**Task requirements:** Please set down only the lines that run from the one containing "Speak, Memory: An" to the end of the listing below, exactly as written.
Start of Data segment
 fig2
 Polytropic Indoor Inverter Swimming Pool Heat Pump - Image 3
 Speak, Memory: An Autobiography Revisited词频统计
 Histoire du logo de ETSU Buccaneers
End of Data segment
**Solved problem:**
 Speak, Memory: An Autobiography Revisited词频统计
 Histoire du logo de ETSU Buccaneers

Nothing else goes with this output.